Lulus Verifikasi Dewan Pers No.126/DP-Terverifikasi/K/X/2017

Warga Desa Pengujan Bintan Merindukan Jembatan Penyeberangan
Oleh : Harjo
Kamis | 15-09-2016 | 15:11 WIB
rakit-di-bintan1.jpg Honda-Batam

Rakit atau pokcai, satu-satunya alat transportasi warga Desa Pengujan Bintan ke daerah lainnya. (Foto: Harjo)

BATAMTODAY.COM, Tanjunguban - Warga Desa Pengujan, Kecamatan Telukbintan, Kabupaten Bintan, sudah sejak lama merindukan jembatan penyeberangan dari Selat Bintan ke Desa Pengujan. Selama ini, transportasi satu-satunya yang mereka gunakan untuk menyeberang hanya perahu rakit, baik untuk warga maupun kendaraan.
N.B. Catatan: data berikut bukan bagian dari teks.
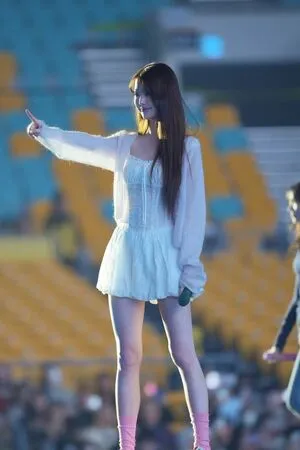 Jang Won Young OnlyFans Leaked Free Thumbnail Picture - #IlAwftipqW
Permasalahan ini sudah menjadi masalah klasik, mengingat pengajuan dari masyarakat kepada pemerintah sudah sejak lama. Namun hingga saat ini, belum ada reaslisasinya. Seiring perjalanan waktu, masyarakat Pengujan juga berharap bisa lebih maju dan berkembang sejajar dengan kampung atau desa lainnya di Bintan.

Ramle, tokoh pemuda Desa Pengujan yang ditemui BATAMTODAY.COM di Tanjunguban, Kamis (15/9/2016), mengungkapkan, alat transportasi penyeberangan berupa rakit --yang selama ini mereka gunakan-- memang suda cukup membantu warga.

Hanya saja, selain permasalahan waktu operasional, masalah biaya yang tergolong tinggi sangat dirasakan masyarakat yang kurang mampu. Namun semala ini tetap saja berjalan dari waktu ke waktu, karena tak ada pilihan lain.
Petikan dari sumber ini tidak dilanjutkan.